I remember making a half-hearted protest at his description of a sermon as a sales pitch. But he told me, “I work in sales for a living. I know a sales pitch when I hear one.”

To my knowledge, he has not been to a worship service since.

For awhile, I dismissed his analysis as just a bit of blasphemy from a jaded nonbeliever. So what if the sermon was a form of sales pitch? Don’t we have the best product ever to sell? Shouldn’t we be selling it? Isn’t that what Jesus commissioned us to do?

But I had the nagging feeling that my neighbor had hit upon a huge flaw in modern preaching. Do we, despite our best efforts, come across as slick, snake-oil salesmen trying to manipulate people in order to make a sale? If so, no wonder so many people, especially world-wise young people who have been inundated with clever advertising all their lives, view the church with suspicion.

Initially, I had an answer for that, too. The “sincerity” excuse. There’s nothing guileful or manipulative about preaching. We’re different. We proclaim because we sincerely and passionately believe in what we’re selling.

But no. That doesn’t make us different. Who hasn’t been turned off by passionate and sincere salespeople trying to get them to buy things they don’t need and probably can’t afford?

I never figured out what to do with this uncomfortable “sales shill” perception of the pastor, until recently, when I was called out on it by a fairly new member of the congregation. Past experience had made her wary of large parts of the Christian message. Without even realizing it, I fell into the trap of trying to get her to buy it.

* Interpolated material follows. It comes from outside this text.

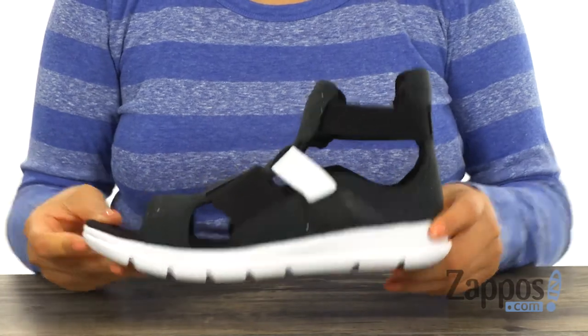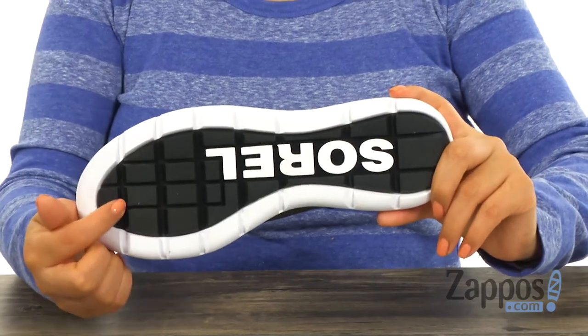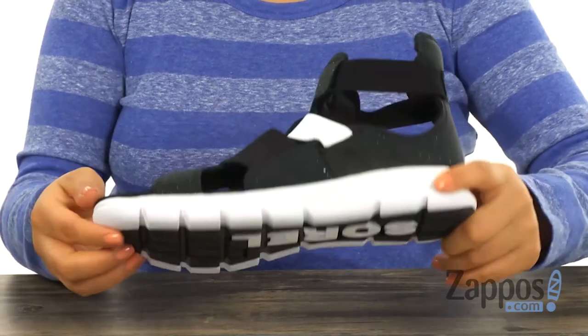At the bottom there's an outsole grade EVA outsole that features molded rubber parts for excellent stability and grip. Add a bit of style and comfort to your look with this wonderful pair from Syrah.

Fortunately, she was honest enough to tell me to back off. “I walked into, stayed, and joined a church because there was a person in there who was just being a person, and not selling me Jesus flowers,” she said. Most damningly, she wanted to know if that rapport-building was just my way of getting into a position to close the deal.

Her comments sent me back to the gospels. Where I discovered that Jesus never built rapport so as to close a deal. He never sold anything. Whatever he had to give–and he had plenty–he simply gave away.

I am more convinced than ever that we’re not here to sell Jesus flowers. Yes, we are called to proclaim a message of good news. But proclaiming does not mean selling. Jesus did not commission us to sell anything; he told us to give it away.

If we do it right, we don’t sell anything from a pulpit. Yes, we have a great product. Yes, we are passionate about it. And yes, there’s a sucker born every minute, so we probably could make some sales.

But it is not the calling of a Christian to sell anything. Our call is to give it away. I don’t know that a sales job can change a life. I do know that a sermon that gives away the gospel and its message of love and new life, free of charge, no strings attached, has a better chance of doing that.